‘Greenway’

Ennis Road, Milsons Point

When it opened in 1954, ‘Greenway’ was the largest flat complex in Australia.

Named after the colony's first public architect, Francis Greenway, it comprised four buildings, housing 309 one and two bedroom flats. The two taller 11 storey-buildings, A and C blocks, have steel frames. The smaller B and D blocks are concrete framed. The thick brick walls helped to bear the load. Before 1957, building heights in Sydney were restricted to 150 feet. ‘Greenway’ was 130 feet high.

Materials and labour were in such short supply after World War Two that construction took six years. The few exterior design features and modest window size, despite the view across the harbour, helped to reduce cost. Flats were leased as each block was finished.

‘Greenway’ was designed in the modern Functionalist style, a European idiom widely adopted in Australia in the 1930s. This rejected unnecessary decoration while relating a building’s form to its function. However, the architect Percy J. Gordon of the firm Morrow and Gordon was almost certainly influenced as well by the huge housing ‘projects’ being built on the east side of Manhattan in the 1940s. 'Greenway' bears a striking resemblance to the post-war apartments in New York's Bedford-Stuyvesant area.

Upon completion, the project was favourably compared to nearby Victorian-era terraces, then regarded as ‘slums’. The first tenants were delighted. When Mrs V.W.H Briggs moved into her flat in 1953 she declared ‘If I won the lottery seven times over I wouldn’t leave here. This will do me!’ (Sunday Herald, 1 March, 1953) Part of the appeal was the provision of modern appliances. Electric stoves were installed in favour of gas units, stainless steel sinks were standard and the old-style kitchen dresser gave way to built-in cupboards. ‘Greenway’ consumed so much electricity that the County Council had to install a special substation beneath the building to provide power to the many washers, dryers and lifts, as well as 2308 lights, 1666 power outlets and 309 electric stoves.

A sense of community was quick to develop. Residents came to regard others on their own floor as neighbours. However, getting to know everyone in such a large complex was difficult.

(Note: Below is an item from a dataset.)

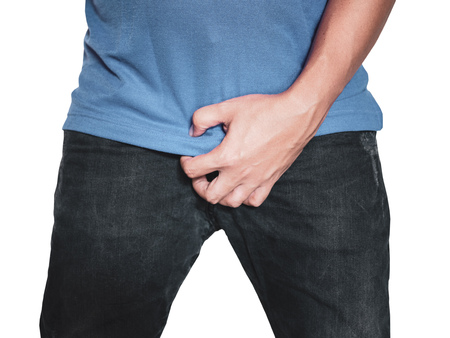 Man hands holding on middle crotch of trousers with pain action isolated on white background.の写真素材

For this reason, the shared laundry facilities in the basement of each block served as meeting places for women who were generally responsible for washing and cleaning.

The experiences of ‘Greenway’ residents have varied much over the five decades since its opening. At first, the Housing Commission let the flats primarily to families and couples – ‘working class’ people unable to get adequate housing in the inadequate private rental market. Tenants 'won' their place there in publicly announced 'lotteries'. In the 1980s, tenants were being drawn from a wide range of groups – single parents, aged pensioners, the unemployed and the disabled. The result is an increasingly diverse body of residents. Similarly in 1954 Australia was still a predominantly Anglo-Celtic society and most of those who lived at ‘Greenway’ were English-speaking. In 2001 there were 23 language groups represented in the buildings.

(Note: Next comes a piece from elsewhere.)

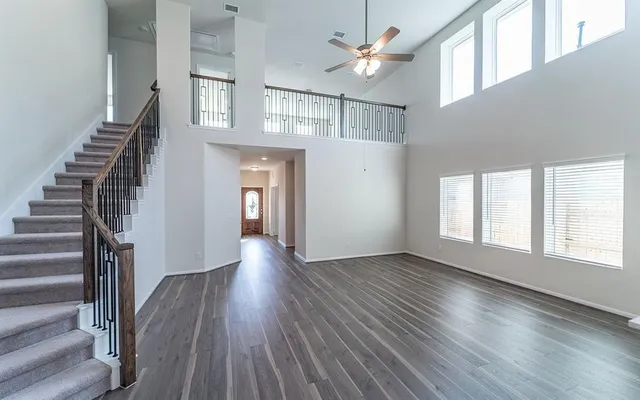 wooden floor in an empty room with a window and wooden floor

Public attitudes towards ‘Greenway’ also vary. When the building was opened, Milsons Point still had a large working class population and the tenants of the flats were of similar social background to those in the surrounding streets. Today, the harbour suburb is gentrified and the presence of community housing in such a desirable area is sometimes seen as an anomaly. However, as ex-resident Penny McKeon said in 2004, ‘There’s no reason why being of modest economic means should mean you’re not entitled to live in a place that just happens to have harbour views’.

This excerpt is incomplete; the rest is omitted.